PROMPT: The result must match the data exactly, line for line.

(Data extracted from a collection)

• • • • • • •

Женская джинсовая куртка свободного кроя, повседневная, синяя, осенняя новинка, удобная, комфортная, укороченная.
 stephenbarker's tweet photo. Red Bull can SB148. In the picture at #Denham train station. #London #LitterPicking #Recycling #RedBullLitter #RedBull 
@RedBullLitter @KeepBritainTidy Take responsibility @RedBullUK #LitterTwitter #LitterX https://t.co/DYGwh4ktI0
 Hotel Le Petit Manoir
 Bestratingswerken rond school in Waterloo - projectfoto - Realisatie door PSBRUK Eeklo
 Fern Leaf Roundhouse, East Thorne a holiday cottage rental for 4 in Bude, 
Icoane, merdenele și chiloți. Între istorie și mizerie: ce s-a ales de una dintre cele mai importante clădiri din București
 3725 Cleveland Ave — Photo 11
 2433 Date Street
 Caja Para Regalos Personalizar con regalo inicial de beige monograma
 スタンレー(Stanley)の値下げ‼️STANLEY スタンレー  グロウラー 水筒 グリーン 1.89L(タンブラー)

• • • • • • •

YOUR RESPONSE:
Женская джинсовая куртка свободного кроя, повседневная, синяя, осенняя новинка, удобная, комфортная, укороченная.
 stephenbarker's tweet photo. Red Bull can SB148. In the picture at #Denham train station. #London #LitterPicking #Recycling #RedBullLitter #RedBull 
@RedBullLitter @KeepBritainTidy Take responsibility @RedBullUK #LitterTwitter #LitterX https://t.co/DYGwh4ktI0
 Hotel Le Petit Manoir
 Bestratingswerken rond school in Waterloo - projectfoto - Realisatie door PSBRUK Eeklo
 Fern Leaf Roundhouse, East Thorne a holiday cottage rental for 4 in Bude, 
Icoane, merdenele și chiloți. Între istorie și mizerie: ce s-a ales de una dintre cele mai importante clădiri din București
 3725 Cleveland Ave — Photo 11
 2433 Date Street
 Caja Para Regalos Personalizar con regalo inicial de beige monograma
 スタンレー(Stanley)の値下げ‼️STANLEY スタンレー  グロウラー 水筒 グリーン 1.89L(タンブラー)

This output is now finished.